BELFAST, Northern Ireland ─ British Conservative leader David Cameron visited Northern Ireland Tuesday, but people here are scratching their heads and asking, why did he bother?
With the United Kingdom's general election two days away, what good reason could a British party leader have for wasting most of the day crossing the Irish sea — on a flight delayed by volcanic ash — to address a small gathering in a County Down hotel? Northern Ireland is a semi-detached part of the U.K., with elections usually a head count for sectarian candidates for home-grown parties, representing unionist (Protestant) or nationalist (Catholic) voters.
Cameron ostensibly came because the Conservatives are affiliated with the minuscule Ulster Unionist Party, which according to a poll in the Belfast Telegraph on Tuesday has only an outside chance of taking one of Northern Ireland’s 18 seats in Thursday’s poll. But the real reason for his visit was to indirectly woo Northern Ireland’s largest party, the Democratic Unionist Party (DUP), with which Cameron has no links, but which is likely to win 10 or 11 seats. In the event of a hung parliament at Westminster, this grouping could be crucial in giving him the support to form a government.
|Election posters adorn a lightpole in Belfast, Northern Ireland.|
A Conservative-DUP alliance was put at risk when Cameron told a BBC interviewer in April that he would cut back the bloated bureaucracy in Northern Ireland (and northeast England). The statement caused anger in Northern Ireland and Cameron visited in part to undo the damage.

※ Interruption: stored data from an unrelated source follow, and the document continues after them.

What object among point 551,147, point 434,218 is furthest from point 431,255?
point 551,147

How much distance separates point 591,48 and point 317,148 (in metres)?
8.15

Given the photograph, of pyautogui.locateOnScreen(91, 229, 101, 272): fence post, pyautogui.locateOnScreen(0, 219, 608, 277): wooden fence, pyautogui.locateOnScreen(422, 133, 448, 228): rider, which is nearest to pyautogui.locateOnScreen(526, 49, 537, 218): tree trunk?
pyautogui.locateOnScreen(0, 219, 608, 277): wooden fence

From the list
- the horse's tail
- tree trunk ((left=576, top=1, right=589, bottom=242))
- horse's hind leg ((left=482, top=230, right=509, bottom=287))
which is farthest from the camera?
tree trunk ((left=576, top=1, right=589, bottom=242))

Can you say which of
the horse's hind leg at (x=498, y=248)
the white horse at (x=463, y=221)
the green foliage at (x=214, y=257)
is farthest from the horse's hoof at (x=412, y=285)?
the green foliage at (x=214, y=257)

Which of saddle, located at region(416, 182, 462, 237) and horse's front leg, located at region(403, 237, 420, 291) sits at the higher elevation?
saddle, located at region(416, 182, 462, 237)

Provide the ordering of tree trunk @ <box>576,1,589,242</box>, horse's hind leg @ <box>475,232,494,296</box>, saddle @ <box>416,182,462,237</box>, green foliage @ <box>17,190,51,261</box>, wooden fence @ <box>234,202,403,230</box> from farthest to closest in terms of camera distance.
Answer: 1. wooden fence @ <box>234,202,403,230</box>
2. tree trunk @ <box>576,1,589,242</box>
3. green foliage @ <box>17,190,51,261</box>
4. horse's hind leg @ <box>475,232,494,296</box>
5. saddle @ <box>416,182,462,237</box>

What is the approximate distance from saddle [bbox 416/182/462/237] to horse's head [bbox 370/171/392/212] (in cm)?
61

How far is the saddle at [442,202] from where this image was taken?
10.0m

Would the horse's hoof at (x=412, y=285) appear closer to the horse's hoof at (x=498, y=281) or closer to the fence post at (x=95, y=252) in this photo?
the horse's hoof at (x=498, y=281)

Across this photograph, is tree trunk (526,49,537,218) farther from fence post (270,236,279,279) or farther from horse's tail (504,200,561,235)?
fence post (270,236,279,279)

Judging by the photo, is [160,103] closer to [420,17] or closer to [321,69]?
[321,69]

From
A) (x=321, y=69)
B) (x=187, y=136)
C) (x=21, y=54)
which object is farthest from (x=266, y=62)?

“There is no way Northern Ireland will be singled out over and above any other part of the U.K.,” Cameron promised his supporters at the La Mon Hotel. “We will continue to fund Northern Ireland according to its needs, and we will tackle the deficit while protecting the essential frontline public services that we all rely on.”
Voters are by and large skeptical. Despite their sectarian differences, all the Northern Ireland parties have a common program: to oppose the huge public spending cuts that will be inevitable when any new British government tackles a budget deficit that could exceed 200 billion pounds ($303 billion) this year. But by coming to Northern Ireland, Cameron scored a point over his main rivals, Prime Minister Gordon Brown of the Labour Party and Liberal Democrat leader Nick Clegg.
“We are showing that we are the party of the union, the party of Northern Ireland, Wales, Scotland and England — with candidates standing in every part of the United Kingdom,” Cameron said. “Nobody else can say that. Not Labour. Not the Liberal Democrats.”
The main party leaders in Northern Ireland will win reelection, according to veteran election observer Dan Keenan of the Irish Times.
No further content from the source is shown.